*EXERCISE AIM:* Only the line with "10 Must Visit Places in Bangalore" and the lines after it, to the end of the data, should appear in the answer, each reproduced exactly.

___ EXCERPTED DATA

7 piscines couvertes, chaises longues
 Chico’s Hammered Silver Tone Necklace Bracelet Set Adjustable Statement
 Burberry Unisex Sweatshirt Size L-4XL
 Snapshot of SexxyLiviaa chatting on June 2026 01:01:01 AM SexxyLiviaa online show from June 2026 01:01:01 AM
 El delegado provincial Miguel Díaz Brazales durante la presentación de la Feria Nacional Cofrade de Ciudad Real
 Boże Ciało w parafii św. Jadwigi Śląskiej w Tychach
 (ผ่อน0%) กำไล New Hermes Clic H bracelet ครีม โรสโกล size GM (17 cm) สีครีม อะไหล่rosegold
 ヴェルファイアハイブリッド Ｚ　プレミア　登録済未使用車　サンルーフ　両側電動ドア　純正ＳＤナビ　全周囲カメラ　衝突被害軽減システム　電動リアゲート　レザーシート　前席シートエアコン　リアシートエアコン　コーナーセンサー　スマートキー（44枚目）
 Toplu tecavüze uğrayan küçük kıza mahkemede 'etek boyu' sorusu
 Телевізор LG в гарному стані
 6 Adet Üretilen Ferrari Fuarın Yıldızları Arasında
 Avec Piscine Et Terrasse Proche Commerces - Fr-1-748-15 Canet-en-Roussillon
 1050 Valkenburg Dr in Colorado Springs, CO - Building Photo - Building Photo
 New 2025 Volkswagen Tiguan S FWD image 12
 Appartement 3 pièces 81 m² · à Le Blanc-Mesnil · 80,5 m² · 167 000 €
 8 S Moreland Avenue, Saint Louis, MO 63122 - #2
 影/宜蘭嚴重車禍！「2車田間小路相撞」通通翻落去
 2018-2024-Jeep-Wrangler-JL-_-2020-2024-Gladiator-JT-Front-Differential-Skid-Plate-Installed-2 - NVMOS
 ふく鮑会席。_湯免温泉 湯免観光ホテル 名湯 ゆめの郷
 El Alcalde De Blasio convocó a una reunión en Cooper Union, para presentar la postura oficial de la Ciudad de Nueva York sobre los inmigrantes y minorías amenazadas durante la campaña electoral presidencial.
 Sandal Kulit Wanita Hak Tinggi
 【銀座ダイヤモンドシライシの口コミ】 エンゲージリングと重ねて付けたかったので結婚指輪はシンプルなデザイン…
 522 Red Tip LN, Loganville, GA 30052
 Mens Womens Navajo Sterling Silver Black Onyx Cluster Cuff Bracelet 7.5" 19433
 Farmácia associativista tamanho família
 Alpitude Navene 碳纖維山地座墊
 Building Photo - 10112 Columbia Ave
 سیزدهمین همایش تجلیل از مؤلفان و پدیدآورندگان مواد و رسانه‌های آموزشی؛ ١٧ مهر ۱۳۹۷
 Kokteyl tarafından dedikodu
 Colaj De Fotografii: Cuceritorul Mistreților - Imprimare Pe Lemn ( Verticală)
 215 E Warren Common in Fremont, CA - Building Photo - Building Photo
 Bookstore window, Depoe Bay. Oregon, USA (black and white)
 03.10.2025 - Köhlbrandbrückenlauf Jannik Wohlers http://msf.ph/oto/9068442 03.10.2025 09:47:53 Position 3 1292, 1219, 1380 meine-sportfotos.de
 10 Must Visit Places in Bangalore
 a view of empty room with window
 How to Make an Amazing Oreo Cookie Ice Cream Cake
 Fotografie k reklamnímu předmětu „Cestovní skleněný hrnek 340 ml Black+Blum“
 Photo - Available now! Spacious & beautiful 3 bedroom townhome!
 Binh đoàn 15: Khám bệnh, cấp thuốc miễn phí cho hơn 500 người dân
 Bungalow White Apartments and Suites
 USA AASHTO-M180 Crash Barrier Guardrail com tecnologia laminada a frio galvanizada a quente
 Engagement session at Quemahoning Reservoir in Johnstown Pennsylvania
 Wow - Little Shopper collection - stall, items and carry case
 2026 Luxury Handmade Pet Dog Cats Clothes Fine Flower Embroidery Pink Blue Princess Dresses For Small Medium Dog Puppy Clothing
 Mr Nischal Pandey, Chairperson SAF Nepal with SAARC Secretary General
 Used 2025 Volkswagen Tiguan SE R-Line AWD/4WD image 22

______

*SOLVED EXERCISE:*
 10 Must Visit Places in Bangalore
 a view of empty room with window
 How to Make an Amazing Oreo Cookie Ice Cream Cake
 Fotografie k reklamnímu předmětu „Cestovní skleněný hrnek 340 ml Black+Blum“
 Photo - Available now! Spacious & beautiful 3 bedroom townhome!
 Binh đoàn 15: Khám bệnh, cấp thuốc miễn phí cho hơn 500 người dân
 Bungalow White Apartments and Suites
 USA AASHTO-M180 Crash Barrier Guardrail com tecnologia laminada a frio galvanizada a quente
 Engagement session at Quemahoning Reservoir in Johnstown Pennsylvania
 Wow - Little Shopper collection - stall, items and carry case
 2026 Luxury Handmade Pet Dog Cats Clothes Fine Flower Embroidery Pink Blue Princess Dresses For Small Medium Dog Puppy Clothing
 Mr Nischal Pandey, Chairperson SAF Nepal with SAARC Secretary General
 Used 2025 Volkswagen Tiguan SE R-Line AWD/4WD image 22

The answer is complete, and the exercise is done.